Monday, May 15, 2017

The Daily Grind

Houghton Mill is an 18th-century water mill, full of impressive machinery and, last weekend, actually grinding flour by the power of the river Great Ouse. Although I am not knowledgeable about these kinds of buildings or this technology I found myself spellbound by a small, but crucial, component in the milling process, the slipper.

The slipper is a kind of hopper that feeds grain into the millstones for grinding, Here's a short film I took of it in operation when I was there with some friends and our kids:

It has a system of its own, and also it is intimately connected to other systems.

It has inputs: a gravity feed brings grain into the top of the slipper; energy is supplied by the vertical axle which is in turn driven indirectly from the water wheel.

It has outputs: grain is dropped into the centre of the millstones immediately below it.

It is self-regulating: as the flow of the river varies, the speed of the wheel varies, the rotation of the axle varies, and the extent to which the slipper is agitated varies. Slower water means less grain supplied to the millstones, which is what is required, as they are also grinding more slowly. A second form of self-regulation occurs with the flow of grain into the slipper.

It has balance: there is a cam mechanism on the axle which pushes the slipper to the left, and a taut string which pulls it back to the right, providing the motion that encourages grain to move.

It can be tuned: the strings that you can see at the front provide ways to alter the angle of the slipper, and the tension of the string to the right can be adjusted to change the balance.

Tuning is important. If properties of the grain change (such as size, or stickiness, or texture, ...) then the action of the slipper may need to change in step. If the properties of the millstones change (e.g. they are adjusted to grind more coarsely or finely, or they are replaced for cleaning, or the surface roughness alters as they age, ...) then the rate of delivery of grain will need to adjust too.
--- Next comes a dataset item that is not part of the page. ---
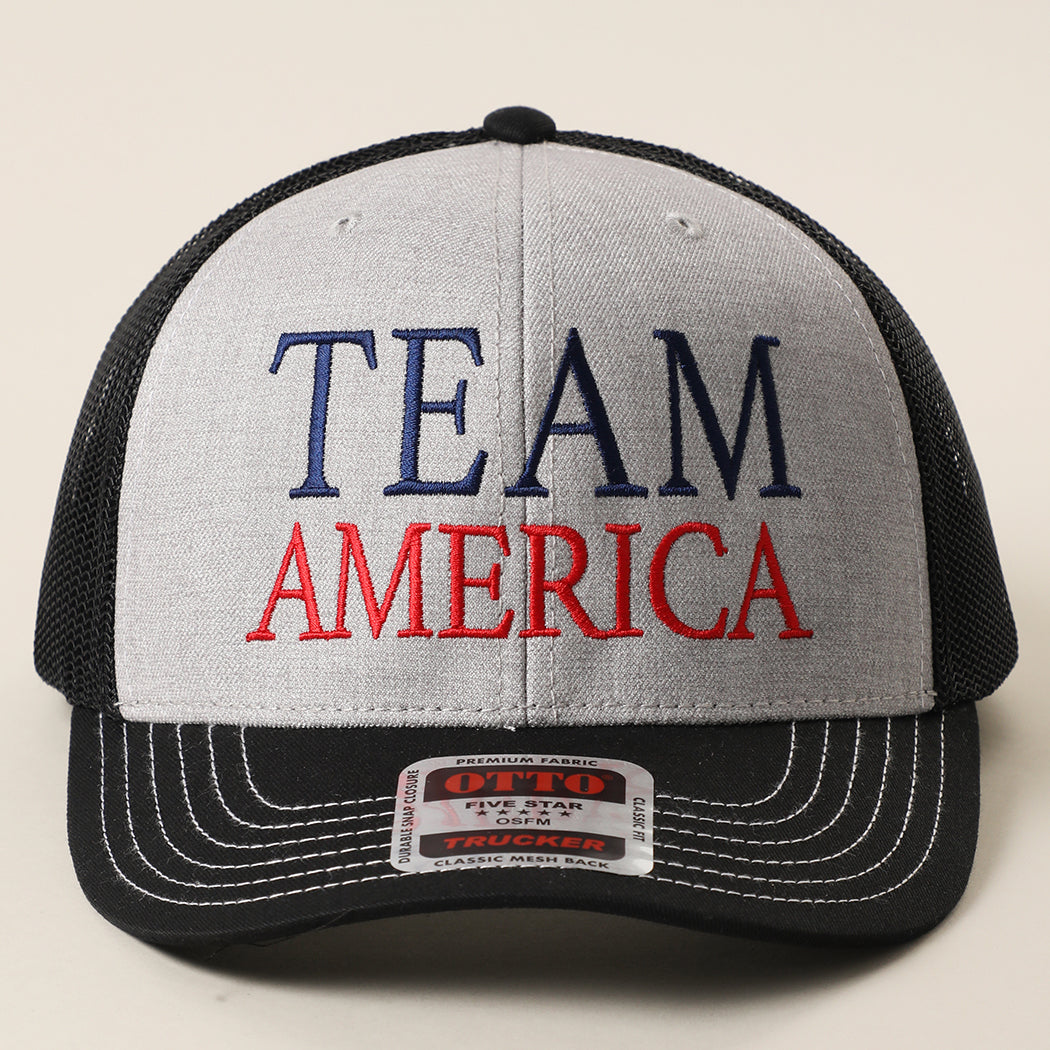 Team America mid profile trucker hat in black and heather grey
Although the system is self-regulating, these are examples of variables that it does not self-control for. It has no inherent feedback mechanism for them, and so requires external action to change its behaviour.

Further, beyond the skilled eye and ear (and fingers, which are used to judge the quality of the flour) of the miller, I could see no means of alerting that a change might even be required. In a mill running at full tilt, with multiple sets of stones grinding in parallel, with the noise, and dust, and cramped conditions, this must have been a challenge.
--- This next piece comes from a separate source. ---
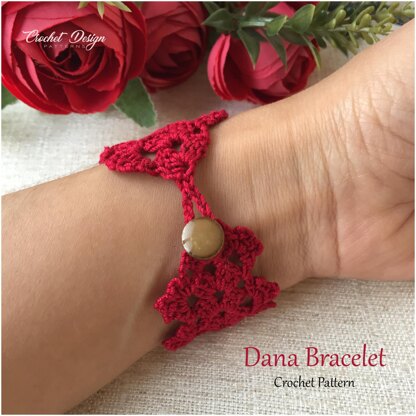 Dana cuff/Bracelet - crochet pdf pattern - how to make jewelry crochet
Another challenge would be in setting the system up at optimum balance for the conditions that existed at that point. I found no evidence of gauges, or markers, or scales that might indicate standard settings. I noted that the tuning is analogue, there are infinite fine variations that can be made, and the ways in which the system can be tuned no doubt interact.

The simplicity of the self-regulation is beautiful to me. But I wondered why not regulate the power coming from the water wheel instead and so potentially simplify all other systems that rely on it. There are technologies designed to implement this kind of behaviour, such as governors and flywheels.

I wondered also about the operational range of the self-regulation. At what speeds would it become untenable: too slow to shake any grain, or too fast to be stable? There didn't seem to be scope for an automatic cut-out.

So that was an enjoyable ten minutes - while the kids were playing with a model mill - to practice observation, and thought experiments, and reasoning in a world unfamiliar to me.

I doubt you'll find it difficult to make an analogy to systems that you operate within and with, so I won't labour any points here. But I will mention the continual delight I find in those trains of thought in one domain that provoke trains of thought in another.